## Work to be completed
Only the pictures are to be omitted; every entry beneath should otherwise be duplicated exactly.

## Supplied records
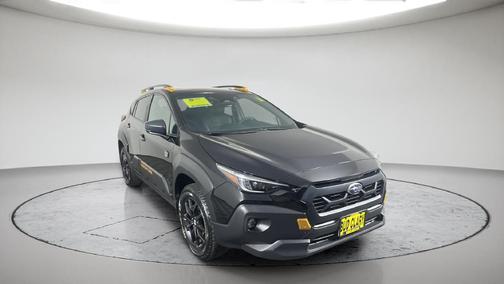 Black 2025 Subaru Crosstrek Wilderness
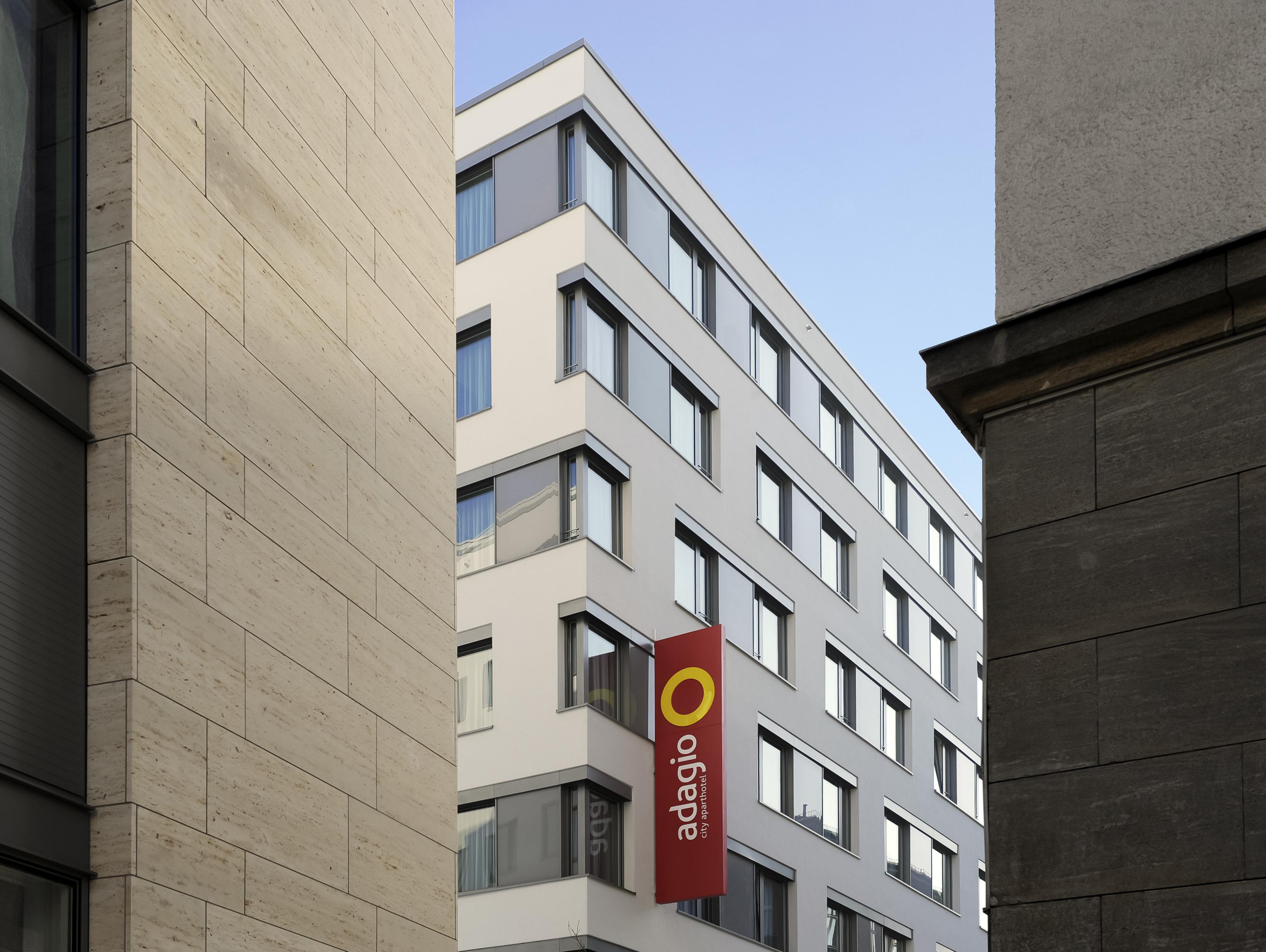 Aparthotel Adagio Berlin Kurfuerstendamm Екстериор снимка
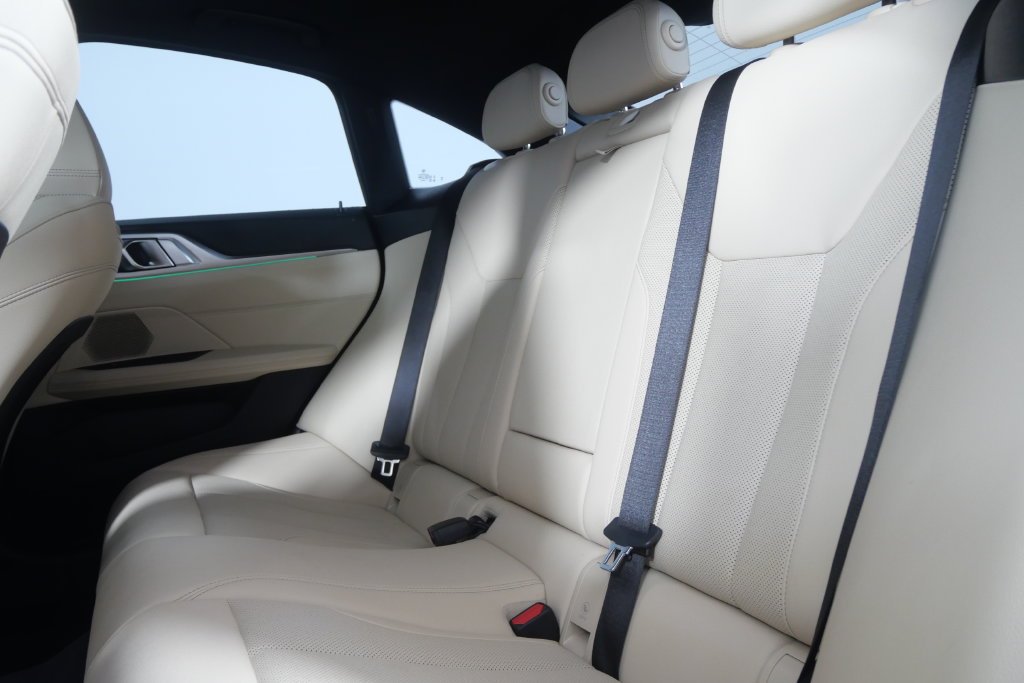 Certified Used 2024 Green Metallic BMW eDrive40 image 16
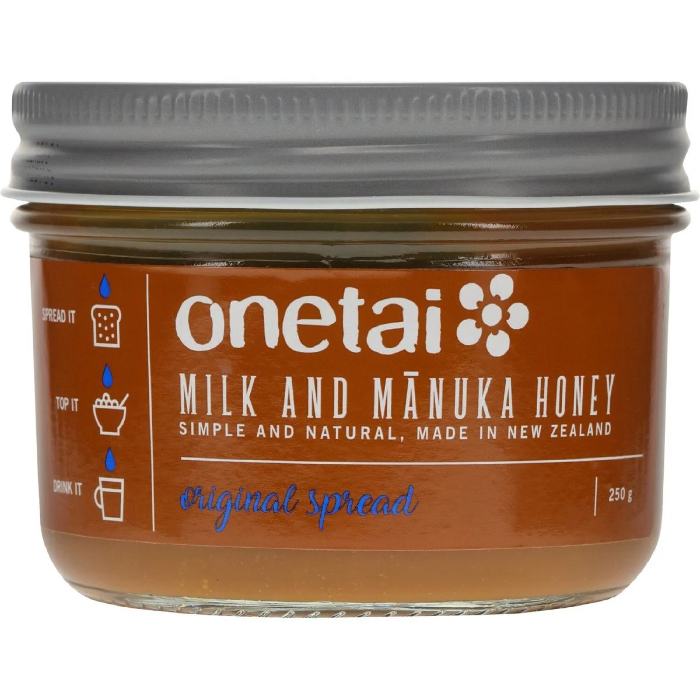 Onetai - Milk and Manuka Honey Original, 250g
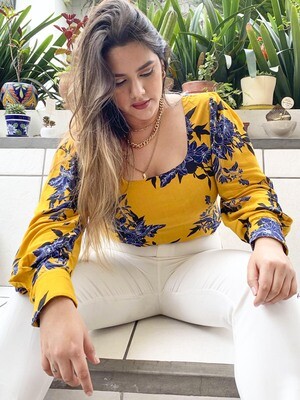 Blusa Luciana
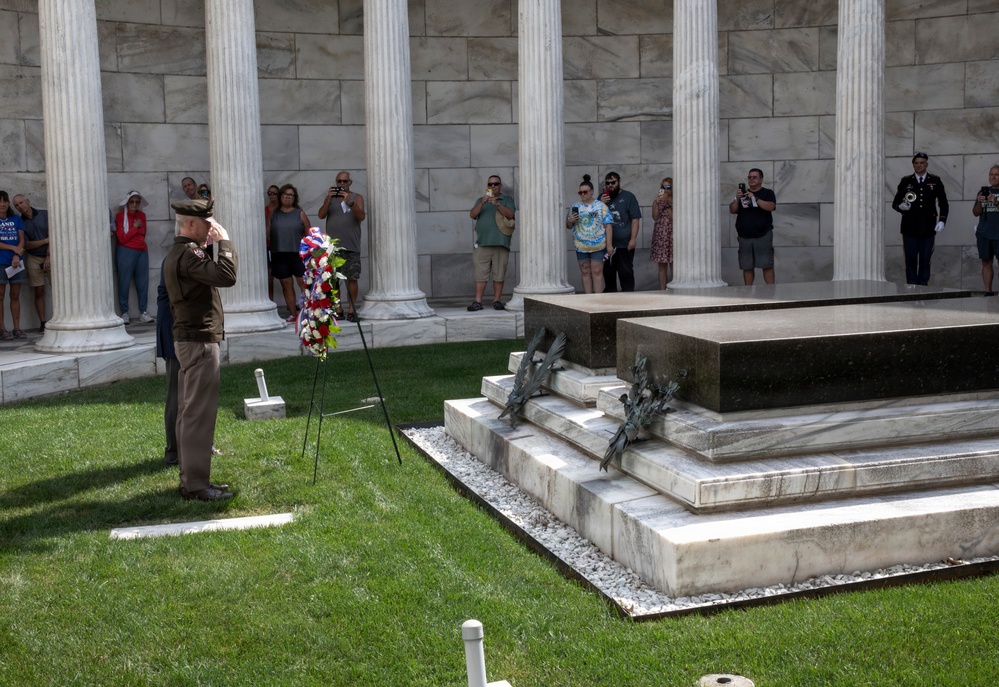 Hometown honors former President Warren G. Harding with ceremony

## Reply
 Black 2025 Subaru Crosstrek Wilderness
 Aparthotel Adagio Berlin Kurfuerstendamm Екстериор снимка
 Certified Used 2024 Green Metallic BMW eDrive40 image 16
 Onetai - Milk and Manuka Honey Original, 250g
 Blusa Luciana
 Hometown honors former President Warren G. Harding with ceremony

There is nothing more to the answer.